Given the current scenario, investors should weigh the risks of continued short-term weakness against the potential for a rebound indicated by call option positioning. The stock’s liquidity and large market capitalisation of ₹9,83,603 crores provide a stable trading environment, but the recent decline in delivery volumes signals caution.

Options traders’ preference for the ₹1,370 strike price call options expiring in less than a month suggests a tactical bullish stance, possibly anticipating positive catalysts or a technical bounce. However, the stock’s failure to hold above key moving averages warrants prudence.
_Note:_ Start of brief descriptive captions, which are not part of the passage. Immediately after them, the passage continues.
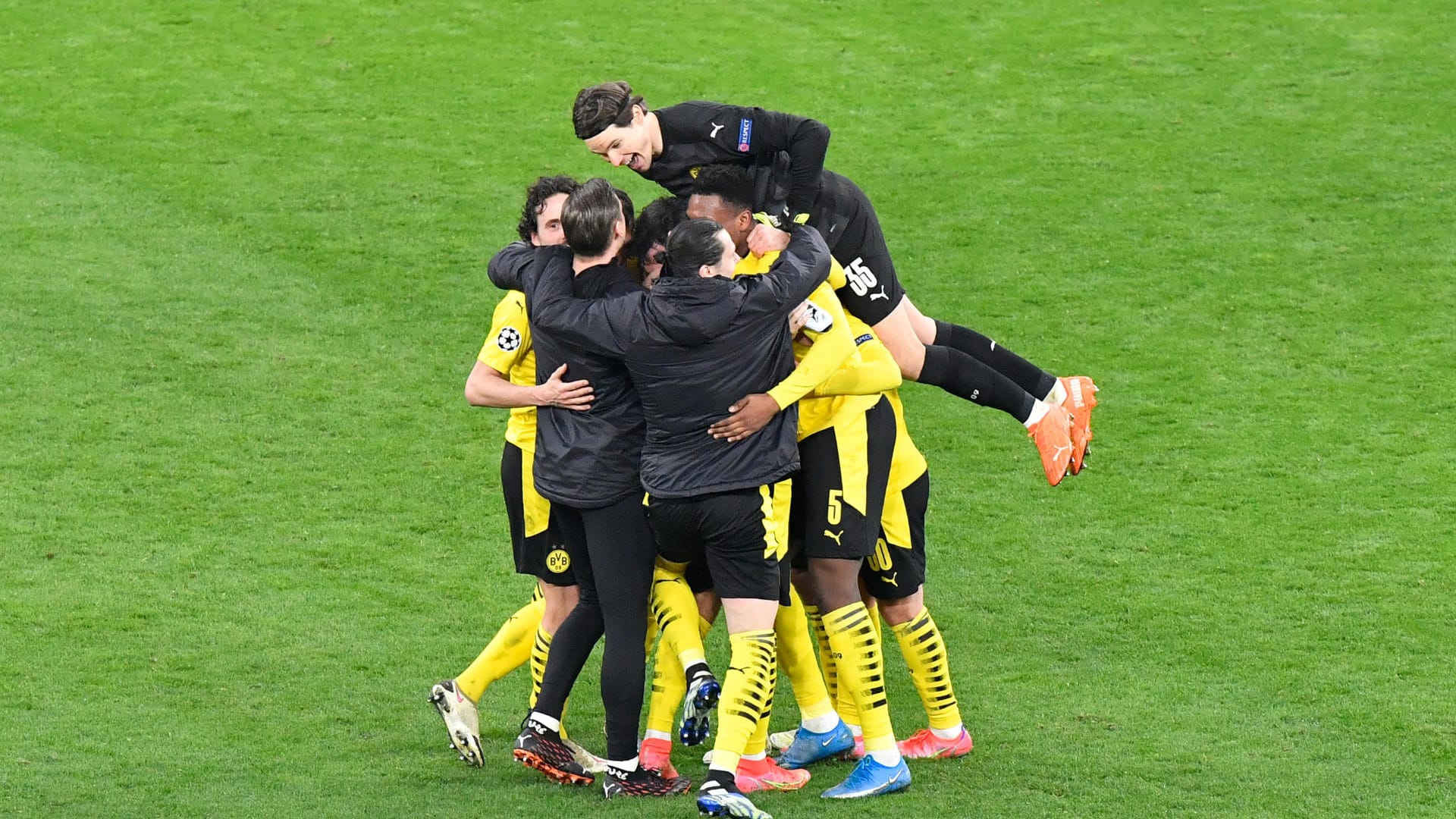 Dortmunder Jubeltraube nach Schlusspfiff: Der BVB steht unter den besten acht Teams in Europa.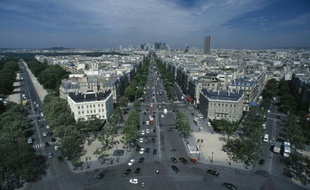 Vue de l'avenue de la Grande Armee et de l'avenue Foch à Paris, le 26 juin 2009.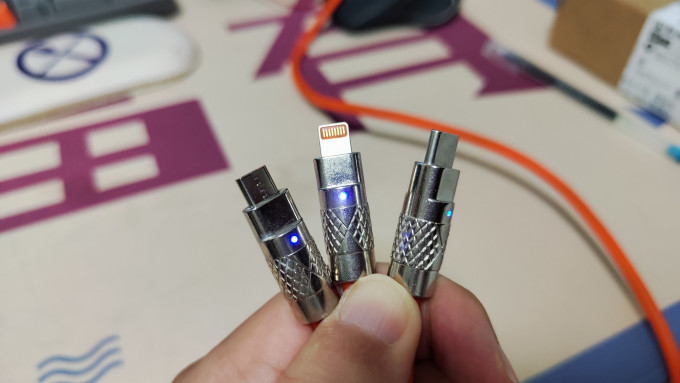 雅兰仕数据线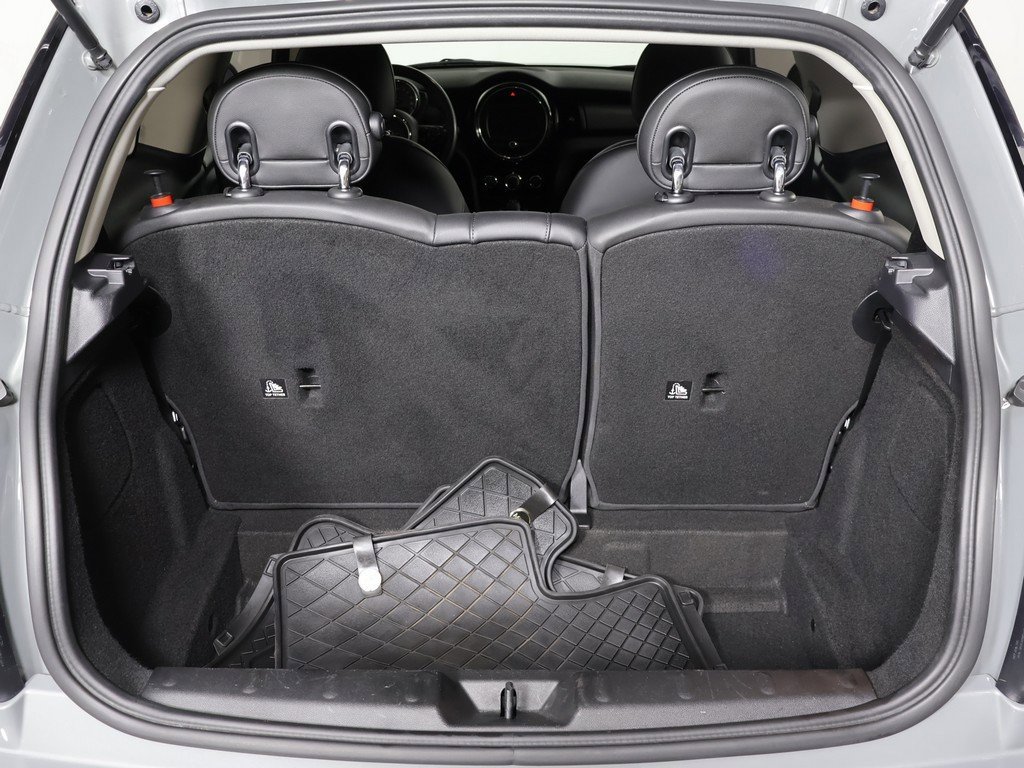 Used 2019 MINI Cooper Hardtop image 13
Long-term investors may find the upgraded ‘Hold’ rating encouraging but should remain vigilant for further fundamental improvements before increasing exposure. Short-term traders might consider the options market activity as a signal for potential volatility and trading opportunities around expiry.

Conclusion

ICICI Bank Ltd. is currently navigating a challenging phase marked by price declines and subdued investor participation. Nevertheless, the surge in call option activity at the ₹1,370 strike price for the 30 March 2026 expiry reveals a segment of the market positioning for a near-term recovery or at least a stabilisation above current levels.

The upgrade in the Mojo Grade to ‘Hold’ reflects a cautious optimism supported by improving fundamentals, though the bank remains below key technical thresholds. Investors should monitor upcoming financial results, sector trends, and options market dynamics closely to make informed decisions in this evolving landscape.